I think the mismatch is when people see all these awesome pinball games "Fer Free!" and assume they're going to click Install and be playing in a couple minutes. I tell my friends to expect at least a half-hour before first play - and that they'll have to read and follow a couple pages of good (but not perfect) instructions to understand and configure a few different tools. If you want things to work reliably:
* Stick to only Visual Pinball (not older emulators like Future Pinball).
* Install it with Pinup Popper and set up your screen mapping and controls based on one of the standard default configs.
* Run tables released or updated relatively recently (3 yrs or so).
* Run tables from well-known release groups and authors (like Visual Pinball Workshop).
* Wait to run newly released tables until they've been out a month, have >200 of downloads and >20 positive reviews.
* Don't run add-ons which mod tables until you're experienced.
And once you're past the install phase and have a bunch of tables fully working with all the bells and whistles you want, there's a new tool called VPin Studio that's great for maintaining your VPin system https://github.com/syd711/vpin-studio.

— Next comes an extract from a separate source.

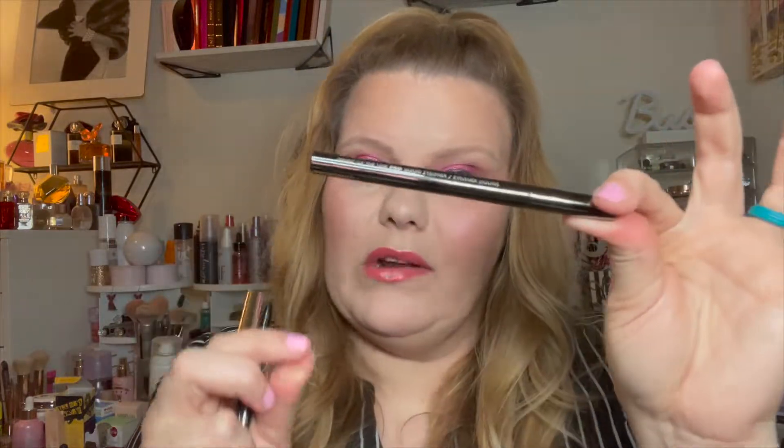Last but not least is the Loroc front-of-the-line pro liquid eyeliner in black. I love Loroc — I wish they would come back and just blow us away with something amazing. We're waiting on you, we love you.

Re Linux: I've only ever run VPin on Windows. I've seen posts from happy people who run it on Linux so apparently it can work very well but cross-platform is newer so there's less info on it. On Windows getting a full VPin install working is just a little cantankerous but no worse than you'd expect when you realize it's several open source hobby projects which pass data in various ways and aren't usually directly tested together.